CAUTIONARY STATEMENT CONCERNING FORWARD-LOOKING STATEMENTS
NOTE: This release may include or incorporate by reference certain statements that we believe are, or may be considered to be, "forward-looking statements" within the meaning of various provisions of the Securities Act of 1933 and of the Securities Exchange Act of 1934. These forward-looking statements generally can be identified by use of statements that include phrases such as "believe," "expect," "estimate," "anticipate," "intend," "plan," "foresee," "project" or other similar words or phrases. Similarly, statements that describe our objectives, plans or goals also are forward-looking statements. All of these forward-looking statements are subject to certain risks and uncertainties that could cause actual results to differ materially from historical results or from those expressed or implied by the relevant forward-looking statement. Such risks and uncertainties include, but are not limited to: economic conditions; product demand and market acceptance; ability to simplify aspects of our business model, improve customer service, create new and desirable programming content and interactive features, and achieve anticipated economies of scale; government action; local political or economic developments in or affecting countries where we have operations, including political, economic and social uncertainties in many Latin American countries in which DIRECTV Latin America operates; foreign currency exchange rates; currency exchange controls; ability to obtain export licenses; competition; the outcome of legal proceedings; ability to achieve cost reductions; ability of third parties to timely perform material contracts; ability to renew programming contracts under favorable terms; technological risk; limitations on access to distribution channels; the success and timeliness of satellite launches; in-orbit performance of satellites, including technical anomalies; loss of uninsured satellites; theft of satellite programming signals; and our ability to access capital to maintain our financial flexibility. We urge you to consider these factors carefully in evaluating the forward-looking statements.

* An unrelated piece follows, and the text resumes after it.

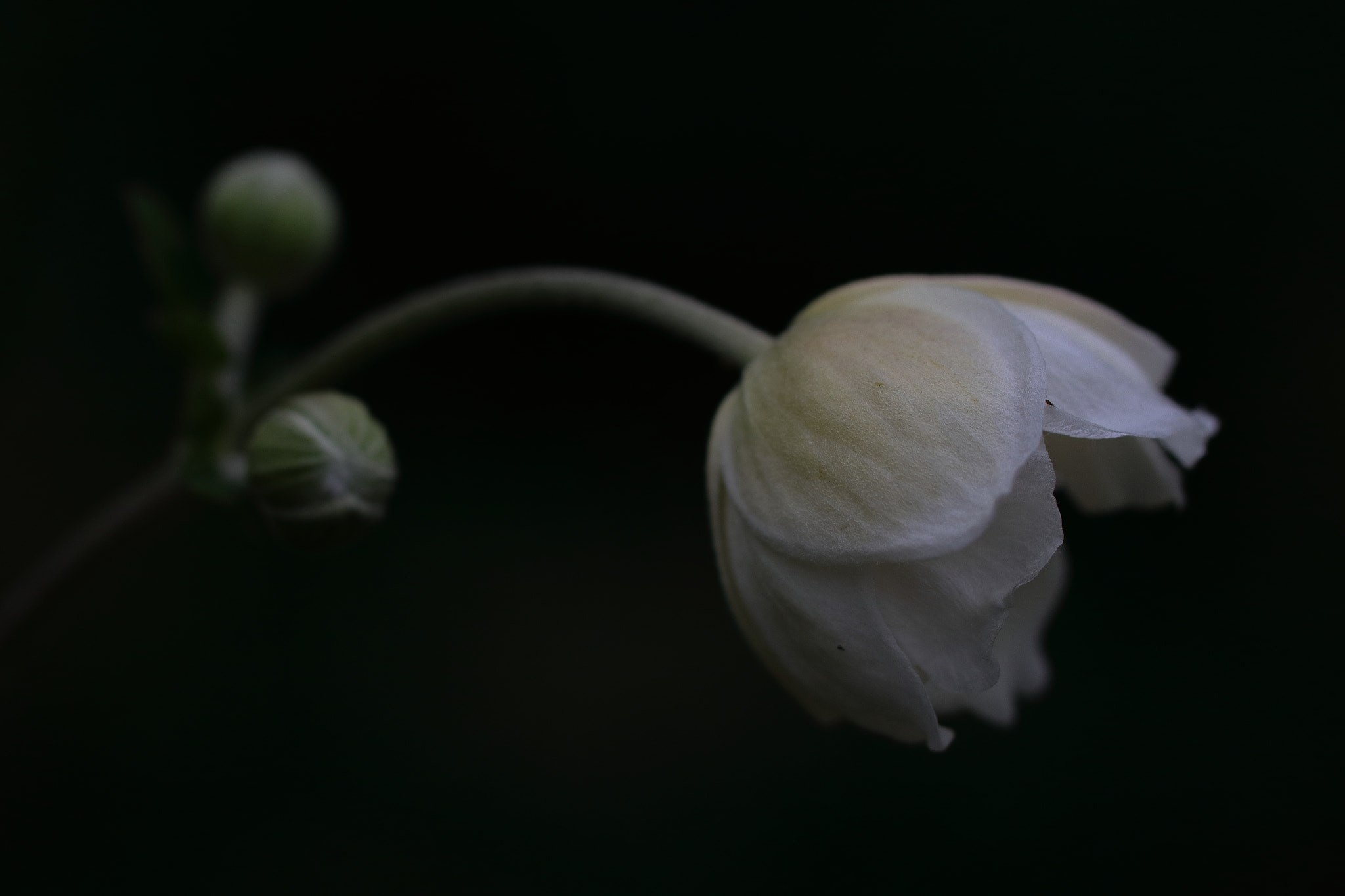 Canon EOS 80D + Canon EF 100mm F2.8L Macro IS USM sample photo. Anemone_0625 photography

DIRECTV (NASDAQ:DTV) is the world’s leading provider of digital television entertainment services. Through its subsidiaries and affiliated companies in the United States, Brazil, Mexico and other countries in Latin America, DIRECTV provides satellite television service to more than 18.4 million customers in the United States and more than 6 million customers in Latin America. The company also owns three sports Networks (FSN Northwest, FSN Rocky Mountain and FSN Pittsburgh) as well as a 65% interest in Game Show Network.